State Rep. Chris Latvala has filed a bill conceived by two Countryside High School students.
House Bill 1147 would require the state Commissioner of Education to create a high school elective course for some students to provide lessons in life skills, leadership development, college planning, and a study hall.
Under the bill the State Board of Education would be authorized to adopt the new curriculum.
The legislation comes as a result of Latvala’s “That Ought to be a Law” contest.
“I am truly excited to be sponsoring this piece of legislation, which we selected out of dozens of student responses from high schools in Clearwater and Largo. I also look forward to having the students come to Tallahassee to present their bill in front of a committee stop with me, and help to engage them in the legislative process,” Latvala said.
Sophomore Hannah Abrahams and senior Emily Cunningham came up with the idea for the bill under the guidance of teacher Helen Tait. Abrahams is a student in Countryside High’s Institute for Science, Technology, Engineering and Mathematics, or ISTEM. Abrahams takes both advanced placement and honors courses.

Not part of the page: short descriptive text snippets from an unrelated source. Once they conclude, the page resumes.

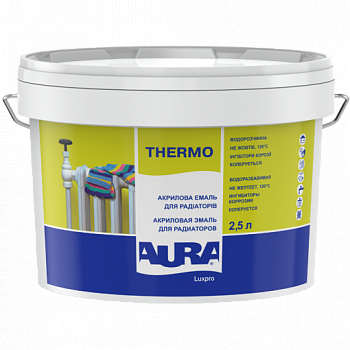 

Акриловая водоразбавимая глянцевая эмаль для радиаторов Aura Thermo 2.5л белая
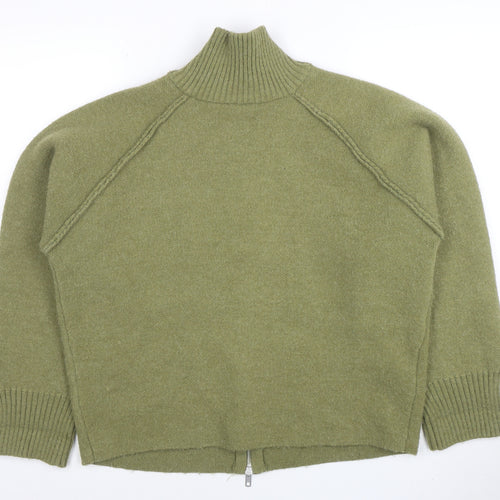 Dazy Less Women’s Green Full Zip Wool Blend Mock Neck Jumper Size S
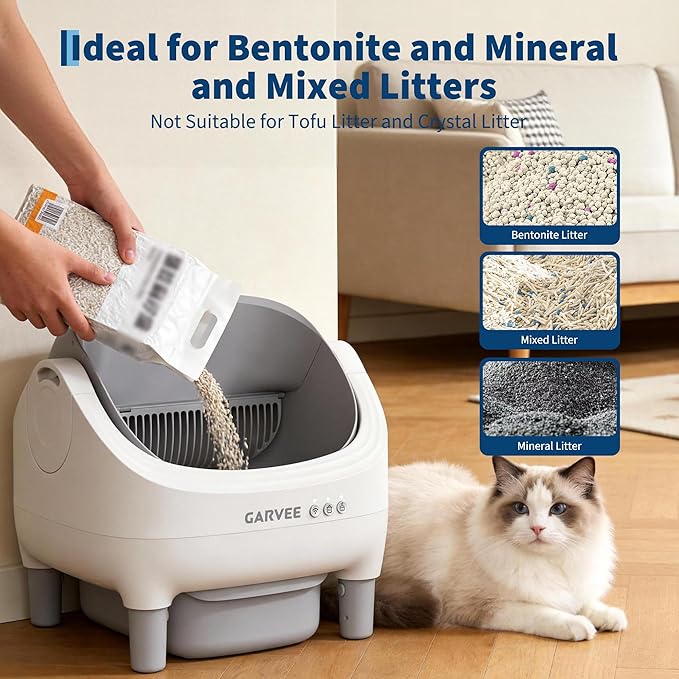 Self Cleaning Litter Box, Automatic Cat Litter Box with APP Control, Odor-Free Waste Disposal Includes Trash Bags, Large Waste Bin, Open-Top, for Multiple Cats, Light Grey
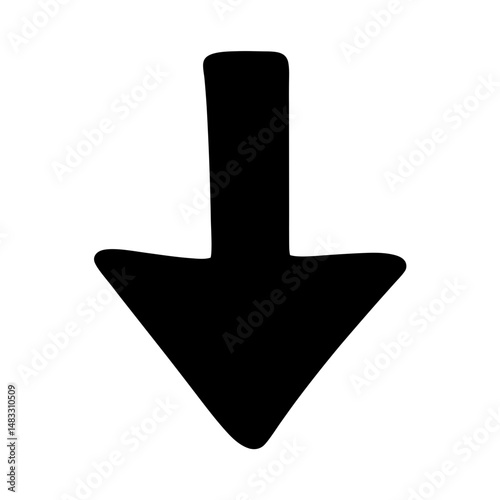A bold black down arrow illustration for direction and navigation assistance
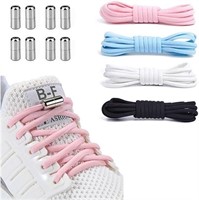 Booyckiy [4 Pairs No Tie Elastic Shoe laces - Tiel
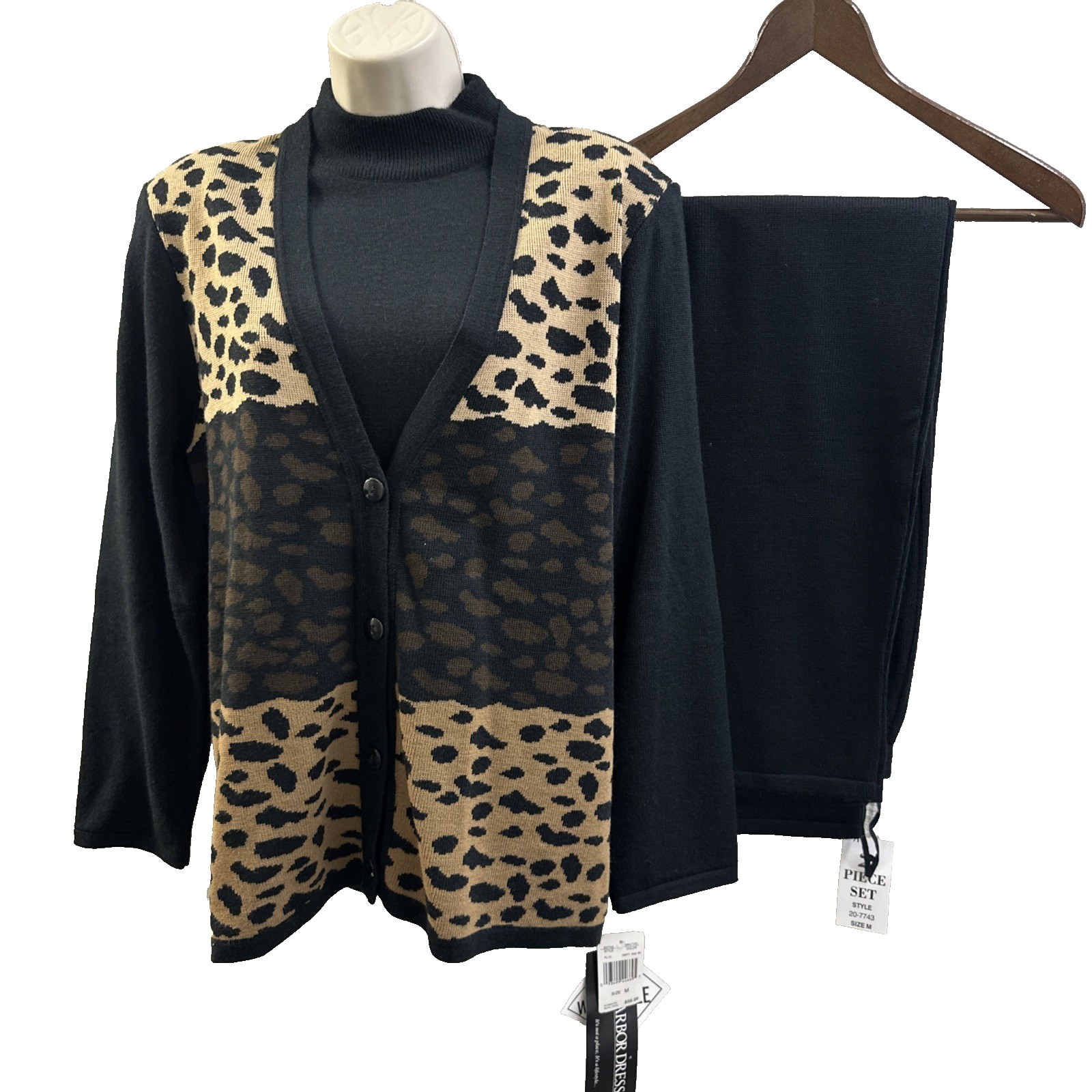 NWT Vintage Women's SAG HARBOR 2-PC Cardigan Pants Set Leopard Knit MEDIUM Mock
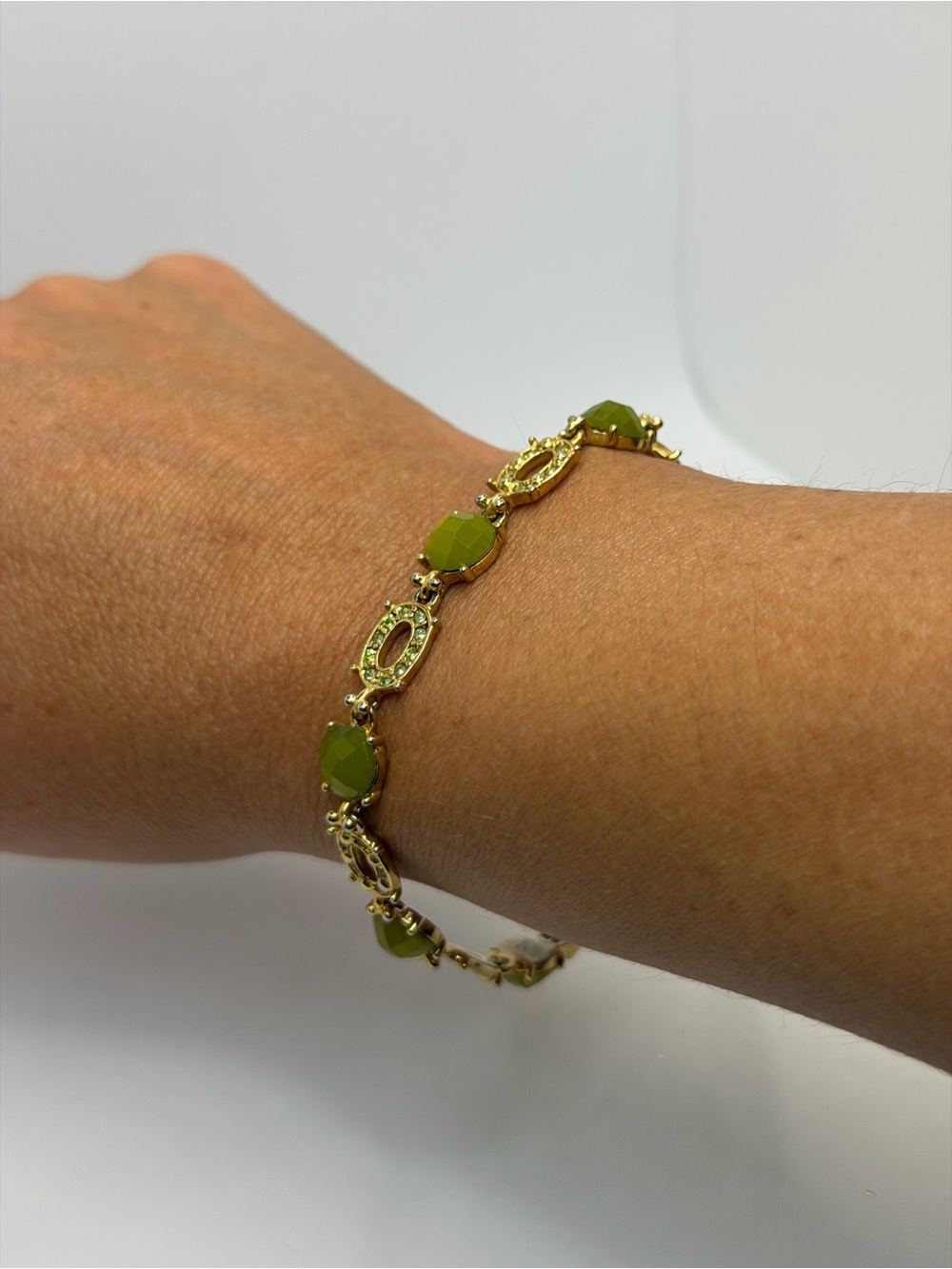 Vintage Liz Claiborne Gold Bracelet with Olive Green Stones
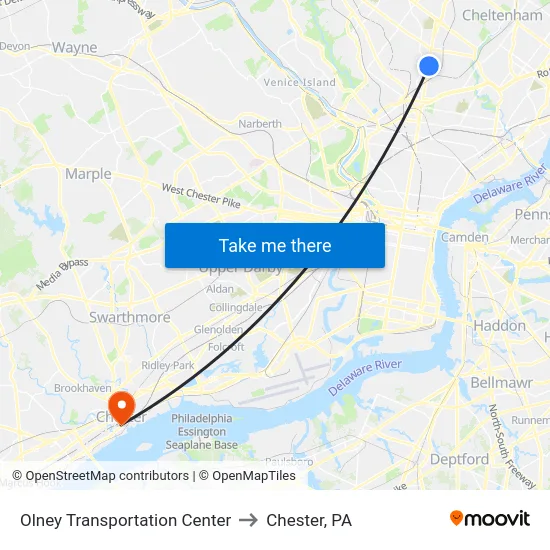 Olney Transportation Center to Chester, PA map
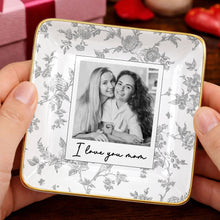 Load image into Gallery viewer, Personalized Floral Jewelry Dish Custom Photo Gift for Mom
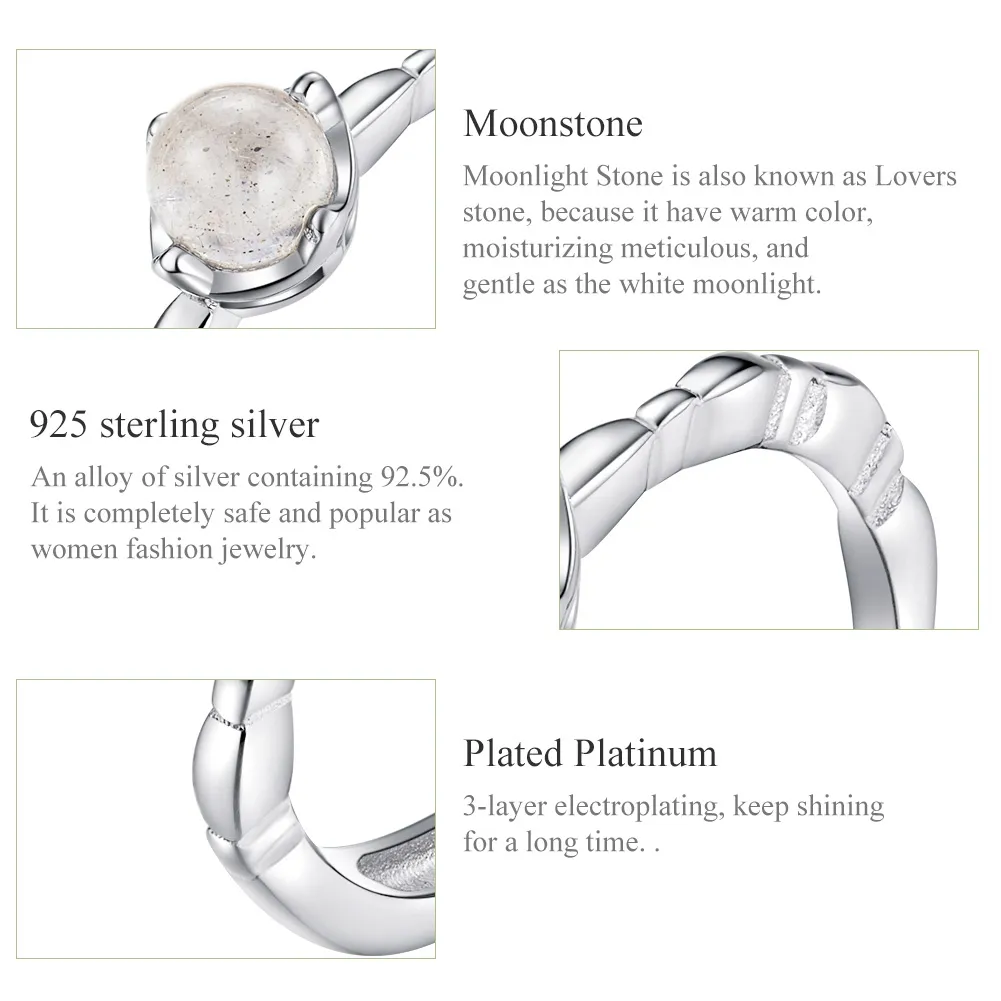 Pandora Style Silver Moonstone Open Ring - SCR536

Her passion though is singing, dancing and acting. The young student hopes to go to a four-year university and dreams of one day performing on Broadway.
Cunningham plans to study anthropology in college and hopes to one day become a museum curator.
The girls’ teacher has been an educator at Countryside High for more than 12 years. She teaches U.S. Government and enjoys instilling in students a sense of responsibility at citizens.
Latvala’s father, Jack Latvala, is presenting the proposed law in the Florida Senate. If approved and signed into law by Gov. Rick Scott it would become effective July 1, 2016. The bill is targeted toward high school students who are involved in their community, work and participate in extra curricular activities.